Personal income fell 0.1% in September, falling well short of market expectations for a 0.5% monthly gain. Income growth in August was revised down to 0.4% from an original estimate of 0.5%.
Real disposable income fell 0.3% on the month, after a 0.2% expansion in August.
Personal consumption, on the other hand, expanded by 0.2% on the month, although this was also below market consensus, which was pegged at 0.4%. In real terms, personal consumption gained 0.1%.
Analysis of consumption by component shows spending in durable goods rose by 0.8% and spending on services gained 0.06%. On the other hand, spending on non-durable goods fell by 0.2%.
The personal saving rate fell to 5.3% from a downwardly revised 5.6% in August.
Inflation (as measured by the year-over-year change in the market-based personal consumption deflator) fell slightly to 1.1% in September, while the annual market-based core inflation rate came down 0.1 percentage points to 0.9%.
Key Implications
September's real personal consumption figure is aligned with the advanced GDP release published last Friday, which showed this aggregate expanded 1.9% on an annual basis during the third quarter.
Amidst very weak job creation, still tight credit conditions, and the need to reduce debt, households' consumption is set to grow at around 2.0% during the fourth quarter, and to accelerate very modestly to 2.2% annual growth by the end of next year.

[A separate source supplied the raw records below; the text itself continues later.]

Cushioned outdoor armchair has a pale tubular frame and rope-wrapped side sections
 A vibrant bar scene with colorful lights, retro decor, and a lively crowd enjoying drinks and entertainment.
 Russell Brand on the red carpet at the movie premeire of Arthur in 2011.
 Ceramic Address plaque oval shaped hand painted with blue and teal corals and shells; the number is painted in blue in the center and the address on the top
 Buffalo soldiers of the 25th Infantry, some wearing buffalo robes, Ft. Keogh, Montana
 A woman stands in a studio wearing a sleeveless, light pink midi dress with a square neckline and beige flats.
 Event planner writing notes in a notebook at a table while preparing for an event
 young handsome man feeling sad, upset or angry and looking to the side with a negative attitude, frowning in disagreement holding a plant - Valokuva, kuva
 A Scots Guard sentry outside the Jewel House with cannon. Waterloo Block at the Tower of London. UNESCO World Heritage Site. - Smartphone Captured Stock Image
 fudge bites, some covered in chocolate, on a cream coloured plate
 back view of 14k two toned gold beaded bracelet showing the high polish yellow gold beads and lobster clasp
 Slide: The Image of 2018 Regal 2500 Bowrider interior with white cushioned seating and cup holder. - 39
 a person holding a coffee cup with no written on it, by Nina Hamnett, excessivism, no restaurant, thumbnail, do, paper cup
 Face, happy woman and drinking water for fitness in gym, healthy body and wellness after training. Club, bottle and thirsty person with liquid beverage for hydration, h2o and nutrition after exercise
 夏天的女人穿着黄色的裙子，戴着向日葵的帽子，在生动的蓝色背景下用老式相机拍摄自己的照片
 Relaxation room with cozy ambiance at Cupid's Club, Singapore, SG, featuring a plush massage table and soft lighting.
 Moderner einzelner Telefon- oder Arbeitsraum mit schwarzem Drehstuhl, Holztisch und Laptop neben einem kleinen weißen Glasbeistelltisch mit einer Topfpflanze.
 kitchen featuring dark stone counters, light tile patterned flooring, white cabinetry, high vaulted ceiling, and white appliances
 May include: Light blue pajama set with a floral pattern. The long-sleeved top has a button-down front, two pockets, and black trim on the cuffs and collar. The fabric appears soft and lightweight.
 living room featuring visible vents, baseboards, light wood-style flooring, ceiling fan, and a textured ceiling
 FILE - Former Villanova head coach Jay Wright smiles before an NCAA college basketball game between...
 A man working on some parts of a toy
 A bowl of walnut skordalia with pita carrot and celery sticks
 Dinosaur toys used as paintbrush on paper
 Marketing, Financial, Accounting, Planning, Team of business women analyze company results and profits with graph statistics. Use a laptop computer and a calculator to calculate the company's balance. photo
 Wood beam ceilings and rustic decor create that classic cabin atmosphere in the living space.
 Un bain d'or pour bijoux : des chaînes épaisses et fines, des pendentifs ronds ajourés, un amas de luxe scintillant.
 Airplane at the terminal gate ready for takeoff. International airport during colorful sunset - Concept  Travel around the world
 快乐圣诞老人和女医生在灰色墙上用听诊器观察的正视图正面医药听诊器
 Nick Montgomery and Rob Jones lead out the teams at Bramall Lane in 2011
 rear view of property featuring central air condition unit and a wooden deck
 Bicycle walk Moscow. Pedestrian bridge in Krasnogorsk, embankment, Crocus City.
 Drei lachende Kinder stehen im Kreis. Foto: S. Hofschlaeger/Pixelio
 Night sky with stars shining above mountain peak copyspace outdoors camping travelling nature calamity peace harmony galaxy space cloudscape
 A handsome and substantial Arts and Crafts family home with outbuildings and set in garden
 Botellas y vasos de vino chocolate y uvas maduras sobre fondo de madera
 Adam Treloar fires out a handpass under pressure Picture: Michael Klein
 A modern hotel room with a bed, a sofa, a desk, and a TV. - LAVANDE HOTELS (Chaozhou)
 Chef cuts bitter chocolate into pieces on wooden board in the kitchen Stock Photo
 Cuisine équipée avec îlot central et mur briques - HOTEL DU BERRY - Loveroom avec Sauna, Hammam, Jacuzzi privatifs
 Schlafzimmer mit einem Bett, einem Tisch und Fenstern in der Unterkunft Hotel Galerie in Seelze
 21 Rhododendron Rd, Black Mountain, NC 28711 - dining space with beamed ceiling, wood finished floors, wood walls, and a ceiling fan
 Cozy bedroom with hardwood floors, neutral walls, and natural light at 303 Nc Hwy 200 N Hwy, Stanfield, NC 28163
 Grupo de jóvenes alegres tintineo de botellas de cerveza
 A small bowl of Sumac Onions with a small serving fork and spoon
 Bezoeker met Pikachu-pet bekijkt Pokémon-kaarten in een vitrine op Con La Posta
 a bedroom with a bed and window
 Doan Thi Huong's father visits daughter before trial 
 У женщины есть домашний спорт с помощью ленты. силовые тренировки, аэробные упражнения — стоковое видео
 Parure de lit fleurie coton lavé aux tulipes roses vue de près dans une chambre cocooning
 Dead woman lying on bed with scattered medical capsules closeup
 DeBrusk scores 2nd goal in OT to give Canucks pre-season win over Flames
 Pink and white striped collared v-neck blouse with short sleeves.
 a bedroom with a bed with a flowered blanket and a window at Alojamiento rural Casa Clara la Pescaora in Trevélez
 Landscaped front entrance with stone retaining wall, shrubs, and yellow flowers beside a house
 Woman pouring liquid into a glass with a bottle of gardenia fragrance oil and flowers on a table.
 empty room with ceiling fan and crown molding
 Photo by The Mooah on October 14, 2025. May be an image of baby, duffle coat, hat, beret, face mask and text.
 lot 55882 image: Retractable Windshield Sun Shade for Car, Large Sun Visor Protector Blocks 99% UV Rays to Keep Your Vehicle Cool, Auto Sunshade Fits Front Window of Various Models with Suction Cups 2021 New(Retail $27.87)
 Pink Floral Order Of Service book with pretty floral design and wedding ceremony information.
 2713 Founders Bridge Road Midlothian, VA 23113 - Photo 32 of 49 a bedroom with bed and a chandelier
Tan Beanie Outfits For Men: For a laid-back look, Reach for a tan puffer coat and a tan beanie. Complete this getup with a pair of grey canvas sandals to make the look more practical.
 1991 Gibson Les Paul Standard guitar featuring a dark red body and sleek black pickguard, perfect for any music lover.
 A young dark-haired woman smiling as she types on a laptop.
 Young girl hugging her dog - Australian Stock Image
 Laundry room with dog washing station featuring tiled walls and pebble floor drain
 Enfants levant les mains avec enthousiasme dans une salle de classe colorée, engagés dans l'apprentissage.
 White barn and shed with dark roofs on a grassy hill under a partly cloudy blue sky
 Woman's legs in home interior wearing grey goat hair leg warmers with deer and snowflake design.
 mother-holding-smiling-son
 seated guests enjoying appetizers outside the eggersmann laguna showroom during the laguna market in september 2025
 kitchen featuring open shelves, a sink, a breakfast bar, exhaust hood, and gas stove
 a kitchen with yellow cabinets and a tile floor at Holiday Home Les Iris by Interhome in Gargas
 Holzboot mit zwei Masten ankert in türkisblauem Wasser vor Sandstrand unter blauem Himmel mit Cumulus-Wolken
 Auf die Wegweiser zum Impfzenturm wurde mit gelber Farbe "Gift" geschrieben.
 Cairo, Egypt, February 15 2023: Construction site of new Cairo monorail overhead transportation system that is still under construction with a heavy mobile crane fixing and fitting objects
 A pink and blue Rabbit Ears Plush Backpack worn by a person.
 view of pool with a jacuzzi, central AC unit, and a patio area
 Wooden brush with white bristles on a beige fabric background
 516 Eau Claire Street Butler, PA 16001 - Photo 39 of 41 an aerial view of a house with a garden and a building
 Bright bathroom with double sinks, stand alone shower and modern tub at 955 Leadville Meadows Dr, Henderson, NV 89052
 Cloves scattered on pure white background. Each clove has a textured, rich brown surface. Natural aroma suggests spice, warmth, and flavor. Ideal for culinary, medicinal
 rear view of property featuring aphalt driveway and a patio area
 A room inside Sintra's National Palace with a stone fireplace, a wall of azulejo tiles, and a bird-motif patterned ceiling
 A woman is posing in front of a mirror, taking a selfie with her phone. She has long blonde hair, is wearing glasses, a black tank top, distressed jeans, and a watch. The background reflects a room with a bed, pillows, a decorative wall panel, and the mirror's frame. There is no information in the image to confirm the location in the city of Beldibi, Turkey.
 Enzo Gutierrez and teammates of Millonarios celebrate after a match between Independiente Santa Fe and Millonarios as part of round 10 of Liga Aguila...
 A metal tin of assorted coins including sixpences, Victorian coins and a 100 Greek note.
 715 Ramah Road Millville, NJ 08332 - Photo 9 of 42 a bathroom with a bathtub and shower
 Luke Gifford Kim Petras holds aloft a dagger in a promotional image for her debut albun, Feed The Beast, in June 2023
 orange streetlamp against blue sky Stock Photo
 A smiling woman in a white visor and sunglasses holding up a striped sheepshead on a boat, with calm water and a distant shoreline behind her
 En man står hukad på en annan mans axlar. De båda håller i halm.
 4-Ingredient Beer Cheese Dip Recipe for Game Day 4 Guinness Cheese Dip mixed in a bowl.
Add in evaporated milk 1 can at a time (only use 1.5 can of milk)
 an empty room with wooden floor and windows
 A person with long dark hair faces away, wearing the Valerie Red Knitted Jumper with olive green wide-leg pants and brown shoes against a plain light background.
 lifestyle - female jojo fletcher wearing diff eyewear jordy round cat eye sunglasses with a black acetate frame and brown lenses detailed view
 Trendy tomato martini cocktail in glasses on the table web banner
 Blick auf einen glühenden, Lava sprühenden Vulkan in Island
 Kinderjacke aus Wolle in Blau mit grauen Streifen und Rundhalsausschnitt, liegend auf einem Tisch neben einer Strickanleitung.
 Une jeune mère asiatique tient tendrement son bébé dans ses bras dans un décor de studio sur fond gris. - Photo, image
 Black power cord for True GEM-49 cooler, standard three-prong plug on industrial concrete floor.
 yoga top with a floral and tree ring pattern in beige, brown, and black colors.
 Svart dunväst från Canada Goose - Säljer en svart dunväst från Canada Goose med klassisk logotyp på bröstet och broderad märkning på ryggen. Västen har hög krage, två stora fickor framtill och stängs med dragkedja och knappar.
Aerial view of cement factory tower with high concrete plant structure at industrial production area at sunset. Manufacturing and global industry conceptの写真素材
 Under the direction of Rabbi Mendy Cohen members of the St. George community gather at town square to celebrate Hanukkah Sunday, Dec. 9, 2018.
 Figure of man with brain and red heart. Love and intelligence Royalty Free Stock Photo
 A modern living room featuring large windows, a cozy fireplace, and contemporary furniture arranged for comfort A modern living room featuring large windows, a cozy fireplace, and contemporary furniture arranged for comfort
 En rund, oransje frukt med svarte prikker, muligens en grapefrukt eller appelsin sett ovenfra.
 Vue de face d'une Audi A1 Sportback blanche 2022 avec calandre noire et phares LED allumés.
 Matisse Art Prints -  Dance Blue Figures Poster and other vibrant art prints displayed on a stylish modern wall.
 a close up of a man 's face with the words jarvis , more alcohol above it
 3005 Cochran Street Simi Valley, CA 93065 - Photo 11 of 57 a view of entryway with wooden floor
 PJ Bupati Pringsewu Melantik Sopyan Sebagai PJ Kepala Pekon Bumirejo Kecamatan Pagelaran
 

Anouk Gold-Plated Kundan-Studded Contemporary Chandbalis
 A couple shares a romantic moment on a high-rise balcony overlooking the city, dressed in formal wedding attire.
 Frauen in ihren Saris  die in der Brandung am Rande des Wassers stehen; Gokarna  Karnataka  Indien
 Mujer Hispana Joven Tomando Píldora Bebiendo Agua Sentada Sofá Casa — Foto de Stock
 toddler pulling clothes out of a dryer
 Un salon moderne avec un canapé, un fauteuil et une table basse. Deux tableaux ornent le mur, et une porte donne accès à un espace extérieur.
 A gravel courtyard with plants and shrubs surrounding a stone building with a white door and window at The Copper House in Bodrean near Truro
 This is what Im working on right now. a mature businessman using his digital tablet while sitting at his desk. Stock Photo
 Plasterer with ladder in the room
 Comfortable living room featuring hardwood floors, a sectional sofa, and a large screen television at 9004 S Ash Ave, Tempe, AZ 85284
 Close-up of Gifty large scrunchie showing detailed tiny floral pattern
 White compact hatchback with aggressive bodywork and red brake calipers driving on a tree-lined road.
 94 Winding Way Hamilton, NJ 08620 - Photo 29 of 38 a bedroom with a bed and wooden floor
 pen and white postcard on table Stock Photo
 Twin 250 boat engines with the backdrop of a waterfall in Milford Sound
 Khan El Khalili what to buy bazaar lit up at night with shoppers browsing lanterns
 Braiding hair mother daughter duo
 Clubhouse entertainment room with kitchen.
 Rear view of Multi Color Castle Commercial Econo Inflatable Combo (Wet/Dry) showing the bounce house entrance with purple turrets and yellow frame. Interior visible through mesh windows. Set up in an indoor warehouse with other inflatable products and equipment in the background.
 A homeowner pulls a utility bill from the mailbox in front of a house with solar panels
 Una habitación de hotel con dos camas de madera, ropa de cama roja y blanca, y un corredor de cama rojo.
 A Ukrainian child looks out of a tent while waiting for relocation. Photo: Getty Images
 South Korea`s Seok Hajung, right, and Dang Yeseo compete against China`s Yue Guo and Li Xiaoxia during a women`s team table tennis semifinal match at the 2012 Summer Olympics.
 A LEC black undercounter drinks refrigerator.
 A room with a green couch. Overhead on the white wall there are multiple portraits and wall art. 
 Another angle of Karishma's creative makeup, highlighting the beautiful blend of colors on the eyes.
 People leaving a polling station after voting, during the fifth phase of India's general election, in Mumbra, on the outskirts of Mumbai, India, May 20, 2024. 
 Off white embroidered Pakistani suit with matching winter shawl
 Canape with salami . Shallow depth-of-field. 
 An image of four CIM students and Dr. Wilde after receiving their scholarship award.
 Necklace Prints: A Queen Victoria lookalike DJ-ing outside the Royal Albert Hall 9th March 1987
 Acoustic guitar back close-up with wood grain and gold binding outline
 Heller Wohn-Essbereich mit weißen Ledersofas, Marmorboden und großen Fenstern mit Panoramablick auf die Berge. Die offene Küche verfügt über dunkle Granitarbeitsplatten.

Given that private spending accounts for roughly 7/10 of GDP, this will translate into a contribution of roughly 1.5 percentage points to overall economic growth.
Today's report reaffirms the prospects of subpar economic growth and very low inflation expectations which will provide firm ground for more monetary stimulus to be announced by the Federal Reserve after the FOMC meeting concludes on Wednesday this week.